Character Devices: Stream-based, handling one character at a time (e.g., keyboards, printers).

Device Controllers:
Interfaces between the CPU and devices, responsible for tasks like converting data formats, error correction, and sending data to main memory.

Memory-Mapped I/O:
Devices share address space with memory, using control registers mapped directly into memory space for easy access.

Direct Memory Access (DMA):
Allows devices to transfer data directly to memory without CPU involvement, increasing efficiency, especially in multi-channel DMA setups.

Question 5

I/O Hardware

Answer 5

Block vs. Character Devices:
Block Devices: Use fixed-size blocks with addresses and allow independent read/write operations (e.g., storage devices).
Character Devices: Stream data without addressability (e.g., printers, keyboards).

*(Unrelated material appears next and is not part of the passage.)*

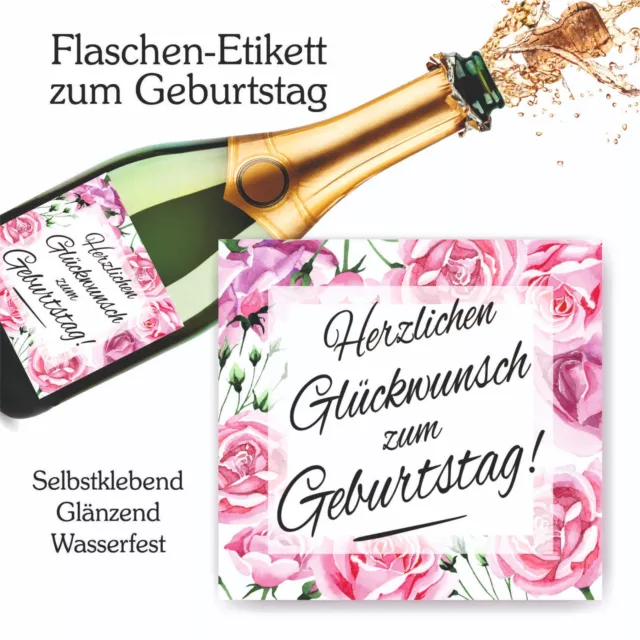 Aufkleber  Flaschenetikett Herzlichen Glückwunsch zum Geburtstag Rosa Rosen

Direct Memory Access (DMA):
Purpose: Reduces CPU involvement in data transfer, allowing data to move directly between I/O devices and memory.
Types:
Single Transfer DMA: Manages one data transfer at a time.
Multi-Channel DMA: Supports multiple concurrent transfers, increasing efficiency.

Question 6

I/O Management in Operating Systems

Answer 6

Complex Device Interfaces:
OS abstracts complex, low-level hardware interfaces, simplifying access for users.
Device Driver Structure:

Components:
Upper Half: Handles I/O requests from processes.
Lower Half: Activated by interrupts from devices, completing I/O tasks.

Abstractions:
Interface Abstraction: Provides a consistent I/O interface, balancing simplicity, flexibility, and efficiency.
Driver Abstraction: Addresses different needs (e.g., synchronous vs. asynchronous I/O).
Open-Read-Write-Close Paradigm: Standardized operations for I/O interaction, making devices accessible through a unified API (e.g., Unix treats devices as “files”).

Memory-Mapped I/O:
Maps device control registers into the memory address space, allowing efficient communication between CPU and devices.
Used in systems like x86 with protected spaces for device data and I/O ports.

Question 7

Understanding Interrupts

Answer 7

Interrupt Handling:
Process: An I/O device signals when it finishes its task, triggering an interrupt.
Handling Steps:
The interrupt controller checks priority, signals the CPU, which pauses its current task.
The CPU fetches a new program counter to handle the interrupt, then resumes its previous task after completion.

Interrupt Vector:
A table that guides the CPU to handle various types of interrupts.
The CPU temporarily prevents other interrupts during processing, preserving system stability.

Types of Interrupts:
Trap: A deliberate interrupt triggered by the program.
Fault/Exception: An unintentional interrupt triggered by errors in program execution (e.g., division by zero).